Were the Wings and GM Steve Yzerman pulling a sour-grapes routine based on a mathematical anomaly? Maybe, but the NHL decided to sympathize nonetheless and tweak the rules to favor the league's worst teams more going forward. The opening language in the memo detailing the draft-lottery rule changes, distributed by the league Tuesday, admits as much:

“The changes, approved by League’s Board of Governors, will reduce the likelihood of the worst-finishing Club dropping in the Draft Order and not retaining the right to the First Overall Selection; reduce the magnitude of any possible drop in Draft Order for the worst-finishing Club; limit the number of Clubs (based on final Regular Season standing) that are eligible to win the right to the First Overall Selection in the Draft; and limit the number of times in a defined time period that the same Club can benefit from winning a Draft Lottery Draw."

The memo practically reads “We don’t want to repeat the 2020 Detroit situation.” So what are the specific changes, exactly? Here's a breakdown with a real-life example of what result the NHL is trying to avoid repeating with each rule.

1. (Implemented starting in 2021) "The number of Lottery Draws will be reduced from three to two. This will limit the number of selections the worst finishing Club can drop in the final Draft Order. Whereas, currently, the Worst-Finishing Club can drop from the First Overall position to the Fourth Overall position in Draft Order (as happened in each of 2017, 2019 and 2020), the lowest the Worst-Finishing Club could drop would be to the Third Overall position."

Say goodbye to: The 2019-20 Red Wings falling to fourth and missing out on Alexis Lafreniere, Quinton Byfield and Tim Stutzle; the 2018-19 Chicago Blackhawks jumping up from the 12th slot to pick at third overall despite having the 10th-best odds. Under the new format, if the 31st-place team whiffs on picks 1 and 2, it will automatically get the No. 3 pick.

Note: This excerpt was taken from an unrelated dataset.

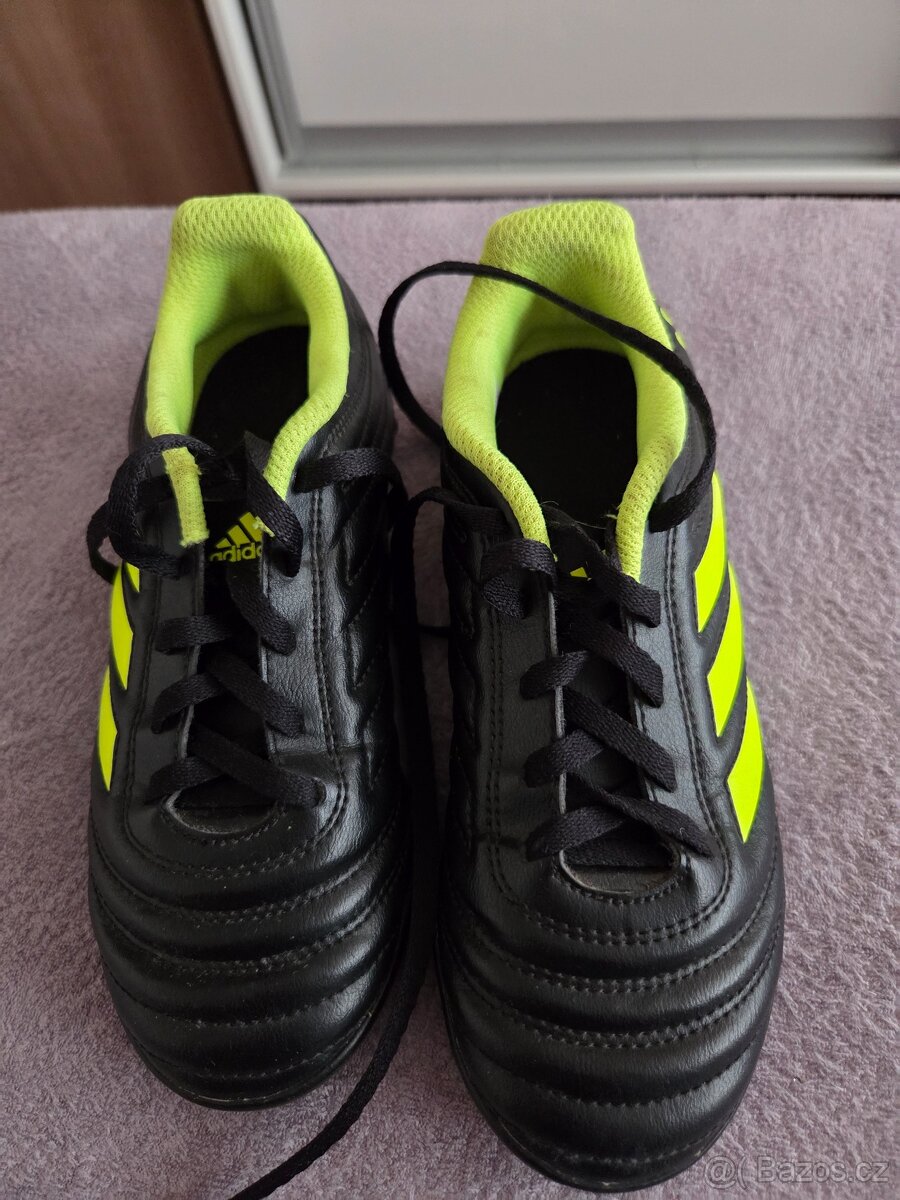 Kopačky Adidas turfy vel. 32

2. (Implemented starting in 2022) "There will be a limit on the total number of selections – 10, a Club participating in the Draft Lottery can “move up” in the event it wins one of the Draft Lottery Draws. The result will be that the number of teams eligible to select First Overall in any given year will be reduced from 16 total teams to 11 total teams."

Say goodbye to: The 2016-17 Philadelphia Flyers finishing with the 13th-best draft lottery odds and leaping 11 spots up to the No. 2 overall pick.

3. (Implemented starting in 2022) "No single team will be able to advance in the Draft order by reason of winning a Lottery Draw more than two (2) times in any five (5) year period." This limitation will not affect a Club’s ability to retain its presumptive Draft position in any Draft Lottery, nor would it preclude the possibility of the Club moving down in Draft Order to the extent other Clubs advance by reason of winning the Lottery Draws. For purposes of clarity, the limitation would attach to the team, not the specific pick.

"By way of example, if a Club were to win the first Lottery Draw as the 7th Worst-Finishing Club in Year 1 (thereby earning the First Overall Selection in the succeeding Draft), and the second Lottery Draw as the 13th Worst-Finishing Club in Year 3 (thereby earning the Third Overall Selection in the succeeding Draft), that Club would no longer be eligible to benefit by winning a Lottery Draw in either of Year 4 or Year 5, and would not be able to benefit again by winning the Draft Lottery (or either of the Draft Lottery Draws) until Year 6 at the earliest."

Say goodbye to: The New York Rangers winning lottery draws in 2019 and 2020 despite not finishing with the league’s worst record in either season. It’s important to note that the “two in five years” rule only applies to moving up in the lottery. A last-overall team doesn’t “move up” to pick first, so you can win the lottery with a 31st-place finish unlimited times. Same goes for a 30th-place team winning the No. 2 pick in the lottery. So the Oilers winning the 2010 and 2011 first-overall picks wouldn’t count as their “two wins” because they didn’t move up. They finished dead last both those seasons. Their lottery wins in 2012 and 2015, however, would count as their two wins in five years because they didn’t finish last overall in those seasons and thus moved up to pick first.